With the CLI, you can submit jobs, manage datasets, explore available tools, and monitor job history — all from your terminal.
Tip:
You can always add --help to any command (like thoa run --help) to see a full list of options and detailed usage examples right in your terminal.
Here's a quick overview of available commands:
- thoa run – Submit and run jobs in the cloud using custom code and compute specs
- thoa dataset – Manage, list, and query your datasets
- thoa tools – Search for available tools and environments
- thoa jobs – Monitor your past jobs and query job metadata
- thoa envs – View and manage your compute environments
How to Use the API Key
Before running any CLI commands, you need to authenticate using your THOA API key. This key allows the CLI to connect securely to your workspace and submit jobs.
1. Create an API Key
You can create an API key here:
Create an API Key
Important: Anyone with access to this key can run jobs from your account and view, modify, or delete all of your datasets and results. Store it securely and never commit it to GitHub or share it.
2. Save the API Key
To use your API key with the CLI, it needs to be set as an environment variable called THOA_API_KEY.
To save it permanently:
macOS / Linux (bash / zsh)
You have two options:
Option 1: Manually edit your shell config file
Open your shell config file:
nano ~/.bashrc
(or ~/.zshrc if you are using zsh)
Add this line at the bottom:
export THOA_API_KEY="your-api-key-here"
Then reload your config:
source ~/.bashrc
Option 2: Append it automatically from the command line
echo 'export THOA_API_KEY="your-api-key-here"' >> ~/.bashrc
source ~/.bashrc
Windows (PowerShell)
Use setx to store the variable permanently:
setx THOA_API_KEY "your-api-key-here"
Important: You must restart PowerShell (or open a new terminal window) after using setx before the variable becomes available.

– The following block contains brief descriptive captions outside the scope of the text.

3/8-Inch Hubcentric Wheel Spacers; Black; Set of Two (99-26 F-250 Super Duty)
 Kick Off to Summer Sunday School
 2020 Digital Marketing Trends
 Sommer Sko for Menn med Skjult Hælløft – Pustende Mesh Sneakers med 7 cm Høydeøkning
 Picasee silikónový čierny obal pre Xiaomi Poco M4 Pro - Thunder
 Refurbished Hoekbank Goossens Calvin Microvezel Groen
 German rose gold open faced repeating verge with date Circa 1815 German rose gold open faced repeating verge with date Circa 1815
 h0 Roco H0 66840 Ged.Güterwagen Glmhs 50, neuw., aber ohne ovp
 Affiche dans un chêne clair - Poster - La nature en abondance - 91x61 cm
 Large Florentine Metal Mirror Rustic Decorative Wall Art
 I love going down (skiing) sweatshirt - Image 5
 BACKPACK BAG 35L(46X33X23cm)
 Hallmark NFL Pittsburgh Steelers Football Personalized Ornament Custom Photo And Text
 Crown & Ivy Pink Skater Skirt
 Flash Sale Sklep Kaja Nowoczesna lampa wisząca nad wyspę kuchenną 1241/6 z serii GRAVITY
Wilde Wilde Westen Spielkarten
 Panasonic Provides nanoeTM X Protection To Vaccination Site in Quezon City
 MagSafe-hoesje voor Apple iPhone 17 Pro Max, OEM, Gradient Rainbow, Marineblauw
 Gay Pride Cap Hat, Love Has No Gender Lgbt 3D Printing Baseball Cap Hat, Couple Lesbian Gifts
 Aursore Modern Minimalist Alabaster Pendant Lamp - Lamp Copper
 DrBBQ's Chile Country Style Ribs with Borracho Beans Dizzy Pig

To set it just for the current session:
If you only want to set the API key temporarily (until you close the terminal), use the following:
macOS / Linux
export THOA_API_KEY="your-api-key-here"
Windows (PowerShell)
$env:THOA_API_KEY = "your-api-key-here"
These will only apply to the current terminal session. Once you close the terminal, you'll need to run the command again.
thoa run
The thoa run command submits jobs to Thoa's compute infrastructure.
Jobs run arbitrary code in isolated, reproducible environments — any size, no infrastructure to manage.
Every thoa run invocation requires:
- A command (
--cmd) - Exactly one environment spec (
--tools,--env-source, or--env-id) - Optionally, input data (
--inputor--input-dataset)
Specifying Input Data
There are three ways to provide input data to a job.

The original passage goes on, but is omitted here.